On April 30, the PEN World Voices Festival is hosting a panel discussion called "A New World of Yesterday: Stefan Zweig’s Utopian Nostalgia." It will feature Zweig enthusiasts Klemens Renoldner, the director of the Stefan Zweig Centre at the University of Salzburg, and George Prochnik, who has written about Freud's trip to America and the importance of silence (he is now writing a book about Zweig). Here's the kicker: the panel will also feature Michael Hofmann, whose resume includes translating Thomas Bernhard, writing poetry, discovering (for us, at least) Lydia Davis, and making anyone who praises Stephan Zweig feel angry (he calls the author "the Pepsi of Austrian writing," in one of his gentler moments). Renoldner responds to the latter attack here. We happen to like Zweig's Beware of Pity, and are excited for this lively debate.

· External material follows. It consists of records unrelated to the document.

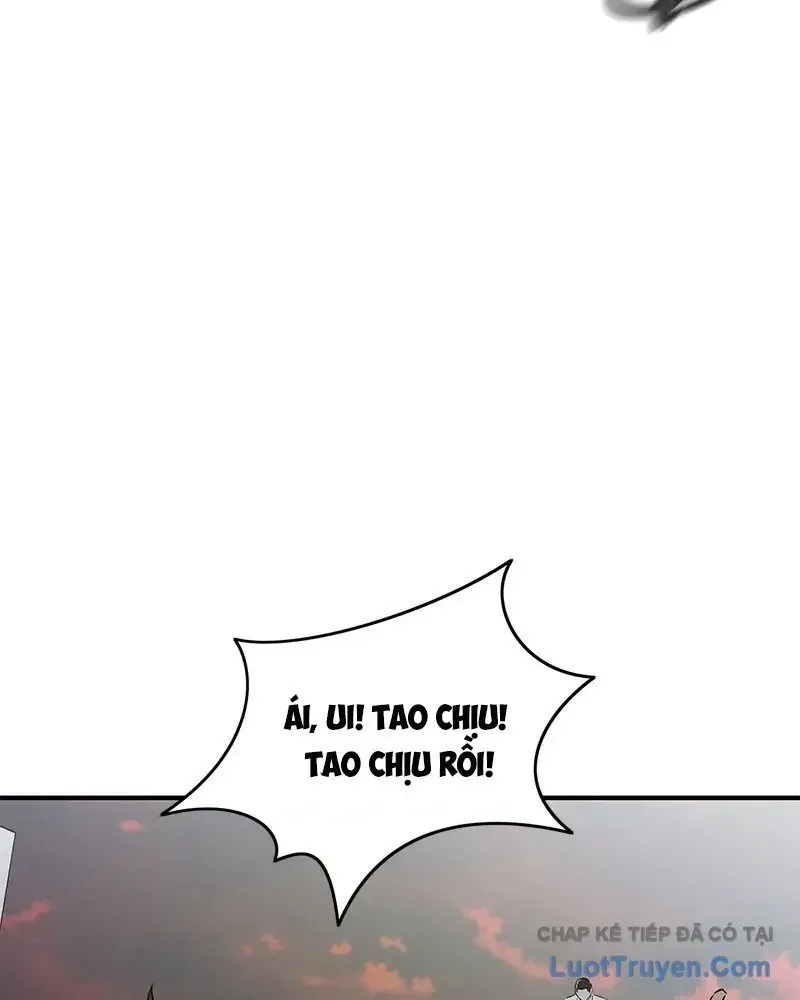 Phản Diện Vô Năng Chapter 47 - 84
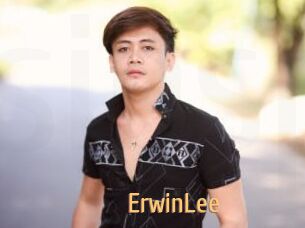 ErwinLee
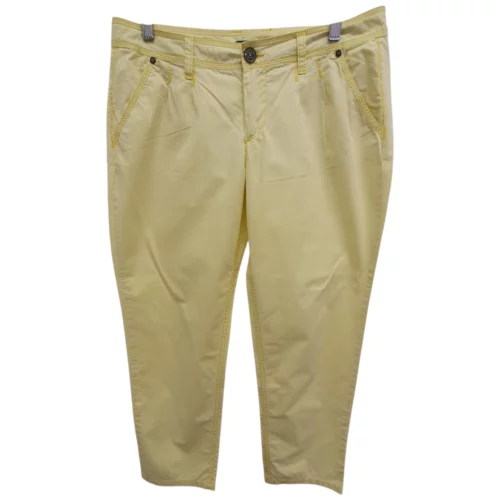 street-one-m-jaune-H15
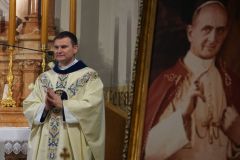 2020.12.08-Obloczyny_075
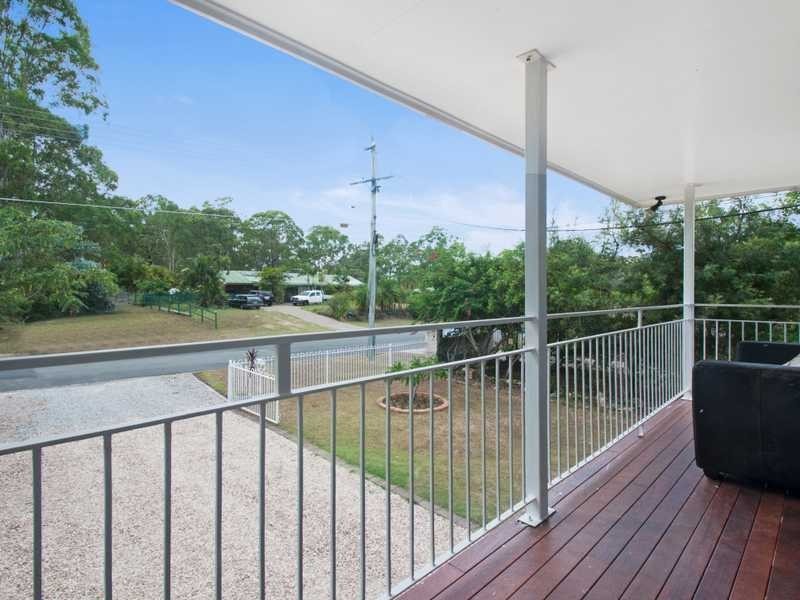 34 Eagle Drive, Eagleby QLD 4207
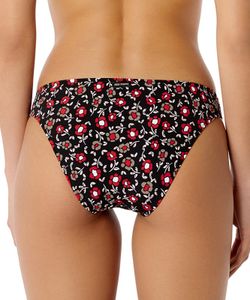 Бикини Red Point Hip Brief Carisa
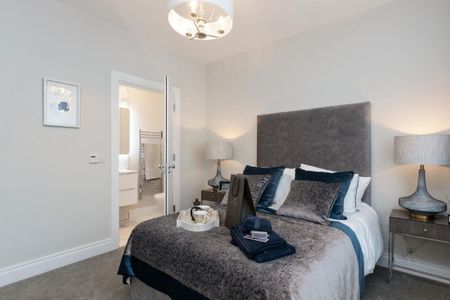 3 Ebrington Hall, Belfast BT4 3HX - Photo 4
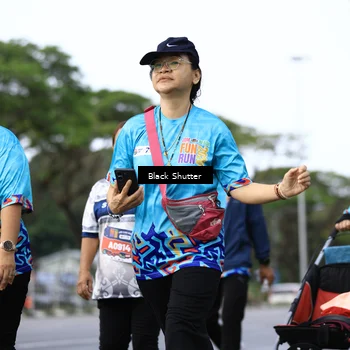 Runner Photo 7772388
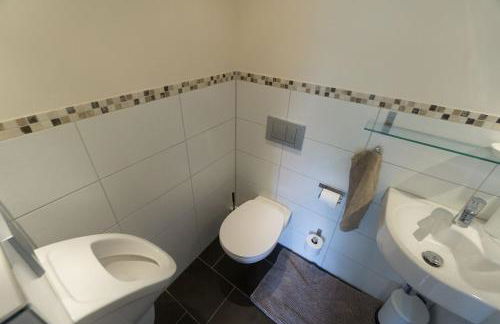 Tiny-House in Stuttgart-West - only 4U! - Photo 10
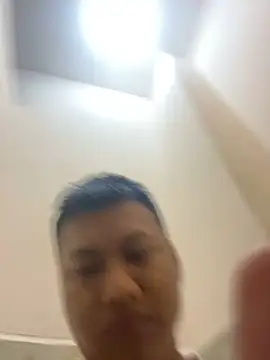 alejooxhot online show from 06/24/26, 01:21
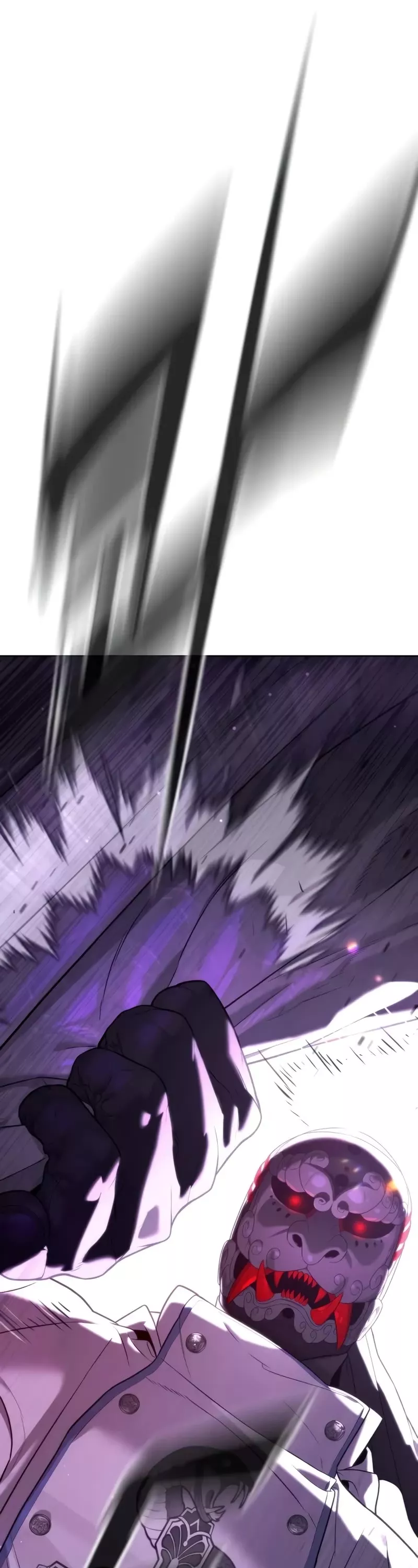 Killer Pietro Chapter 104 page 109 - 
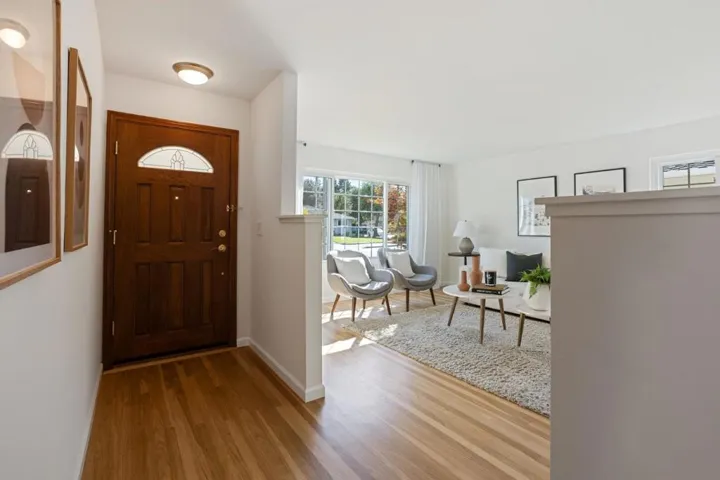 , Sunnyvale, California 94087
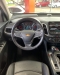 EQUINOX 2.0 16V TURBO LT AUTOMÁTICO - 2018 - IVOTI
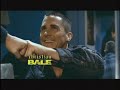 CHRISTIAN BALE BARES DEMONS IN HARSH TIMES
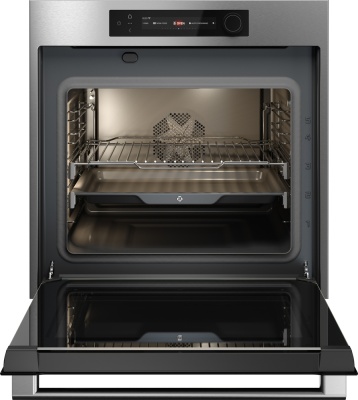 Детальное фото товара: ASKO OT66SSH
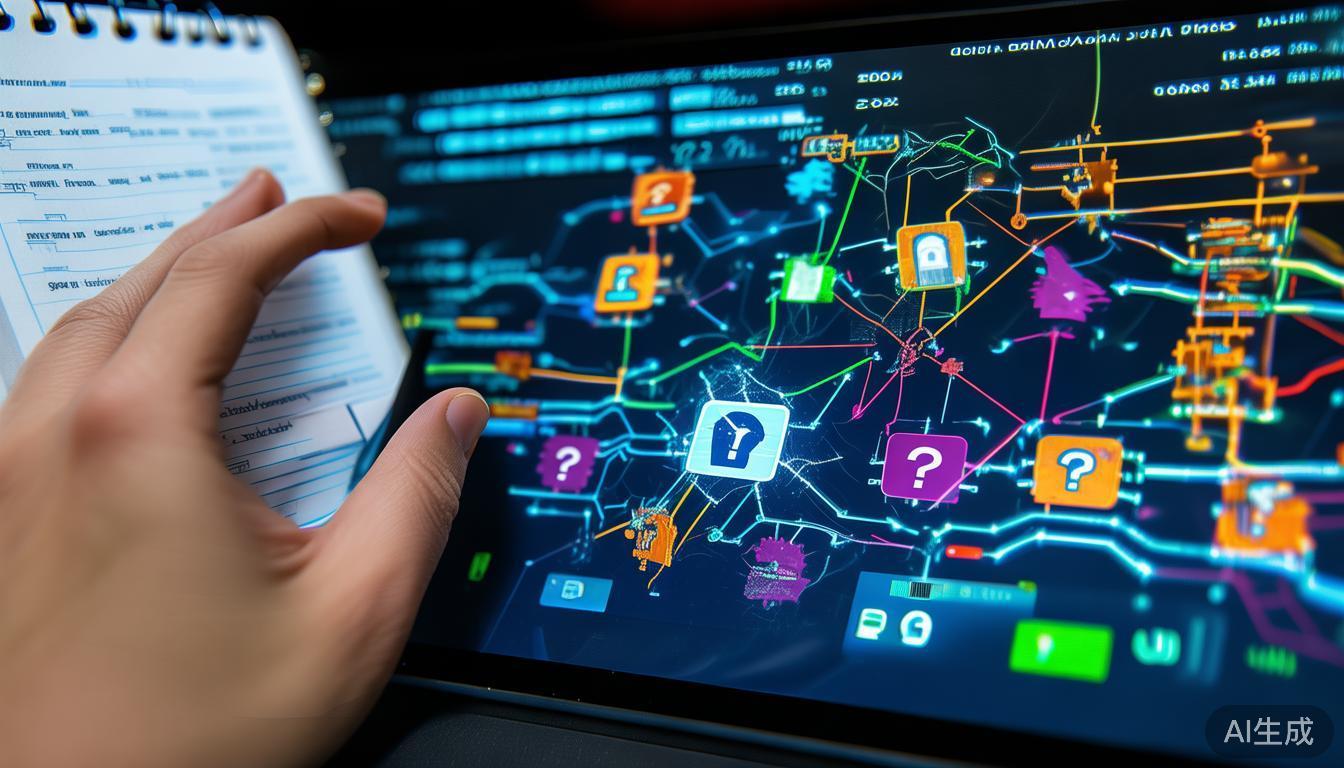 Token钱包软件：数字货币领域入口，不同用户群体需求大揭秘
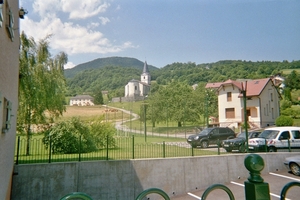 imm018_17A
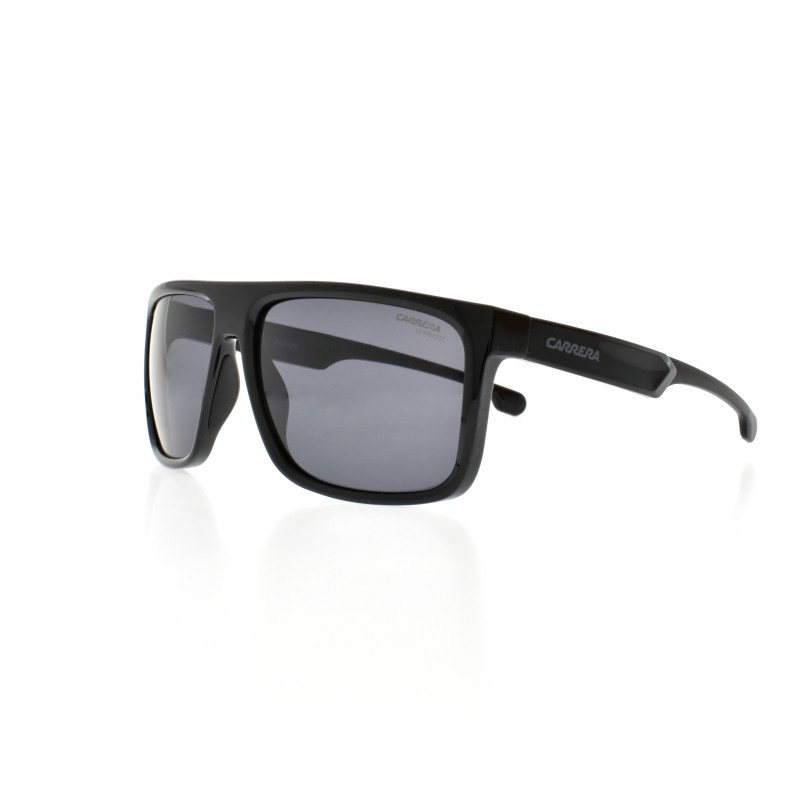CARRERA 011/S 807/IR 61-15-135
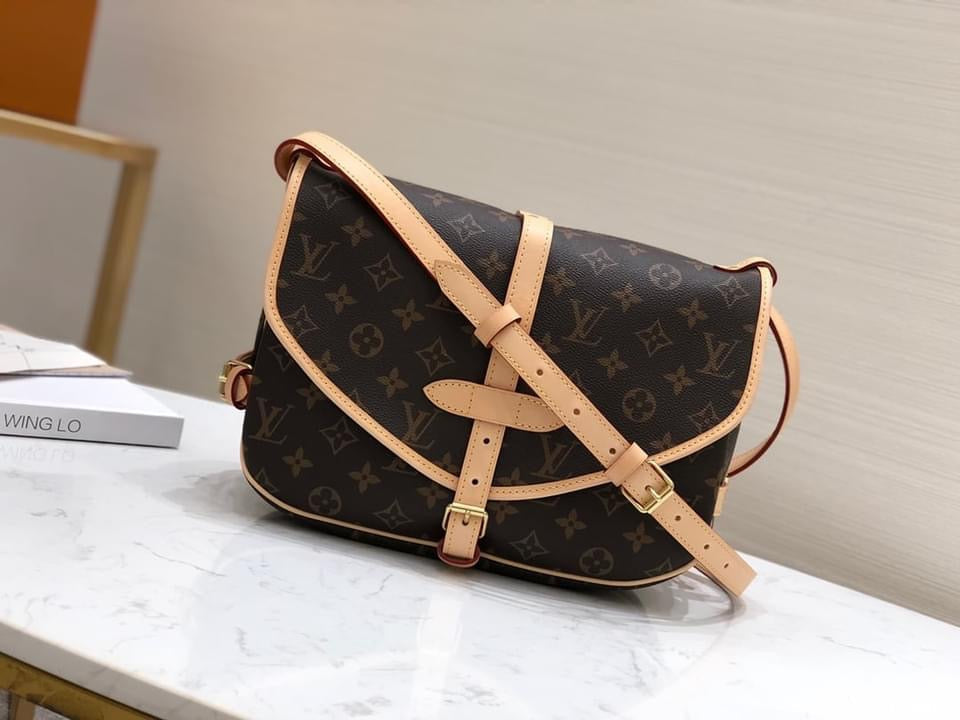 LO-LV bags 33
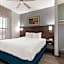 MainStay Suites Extended Stay Hotel Casa Grande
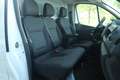Renault Trafic 2.0 DCI 120 PK T26 L2H1 COMFORT | LED | IMPERIAAL Wit - thumbnail 16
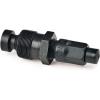 image:imagePark Tool Compact Crank Puller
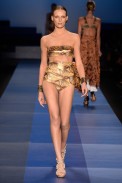 aguadecoco-desfile-spfw-verao2015-9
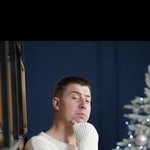 дима, 27 (2 фото, 0 видео)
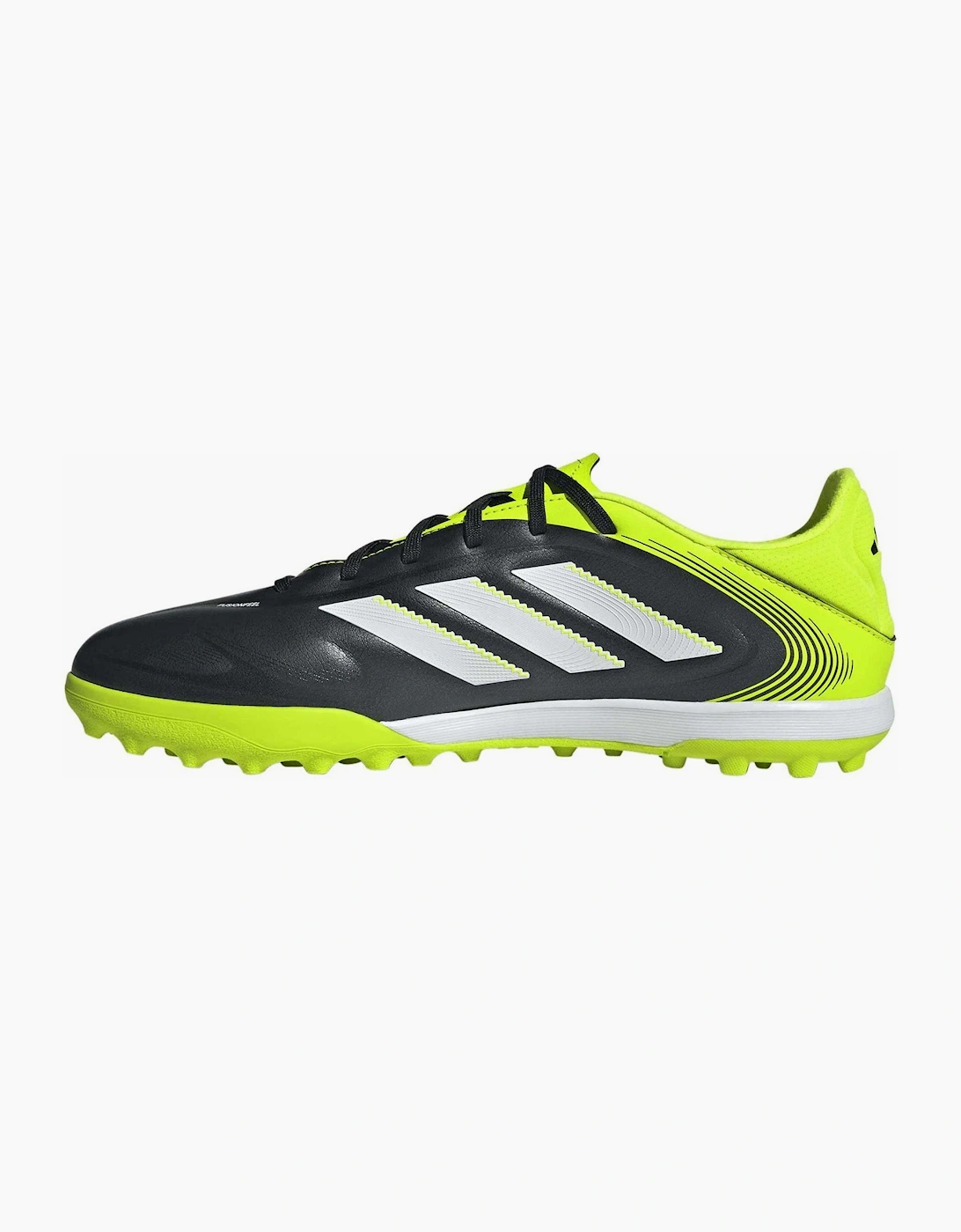 Copa Pure Iii L 99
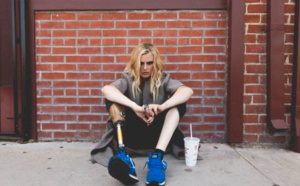 Tampax va devoir être clair!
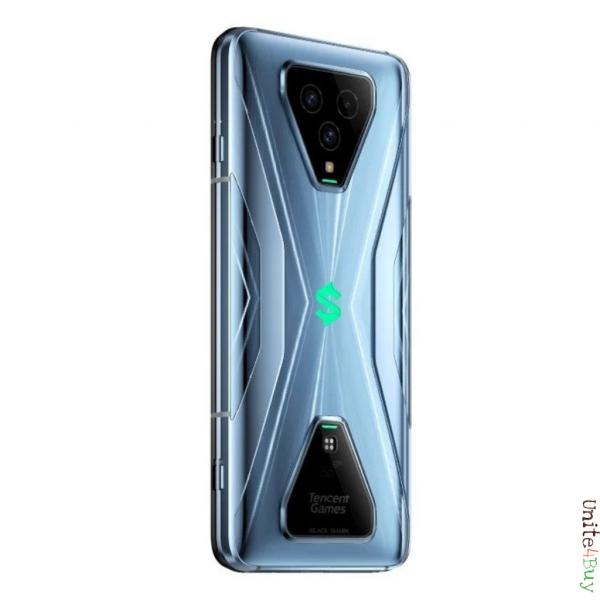 Xiaomi Black Shark 3S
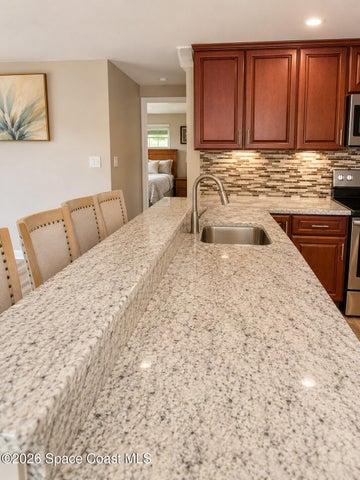 1109 Wren Circle, Barefoot Bay, FL, 32976 photo 9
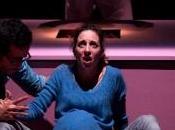 Eugénie Côme Bellescize Théâtre Rond-Point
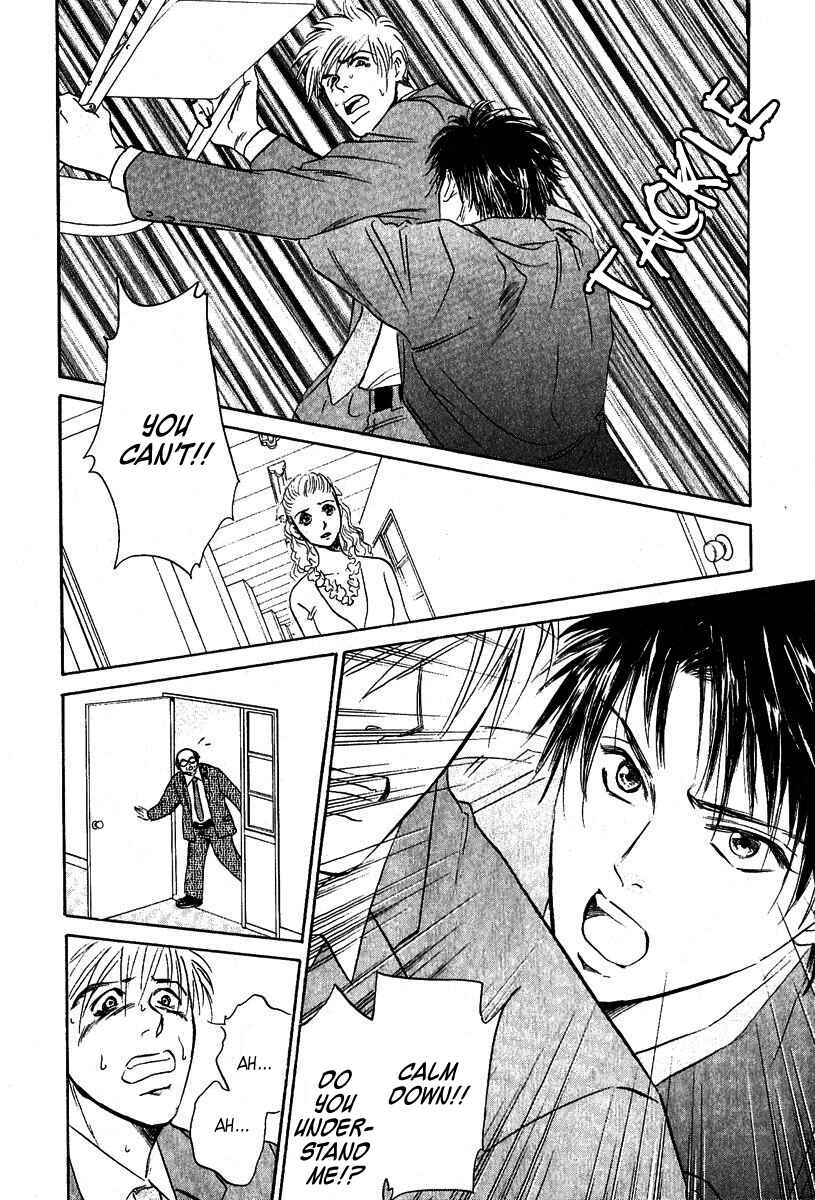 Page 37 Chapter 6 Vampir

They don't cover "Zweig" (zvIg), but California's Diesel Bookstore has produced a handy chart that tells you how to pronounce authors' names. Print it out and tape it on the wall next to your desk, aspiring book nerds! And trust us, don't rely on this Village Voice guide: it got us into serious book-party trouble when it came out in 2003 (back when literary greats George Plimpton and John Updike still walked among us).
Malcolm McLaren, the man behind the Sex Pistols, is dead at 64. Here's what Greil Marcus said about him in his 1989 book on punk rock and the Situationist, Lipstick Traces: he realized the fact that rock songs such as "Stairway to Heaven" were "oppressions." "Thus [McLaren and the Sex Pistols] damned rock 'n' roll as a rotting corpse: a monster of moneyed reaction, a mechanism for false consciousness, a system of self-exploitation, a theater of glalmorized oppression, a bore." (page 57)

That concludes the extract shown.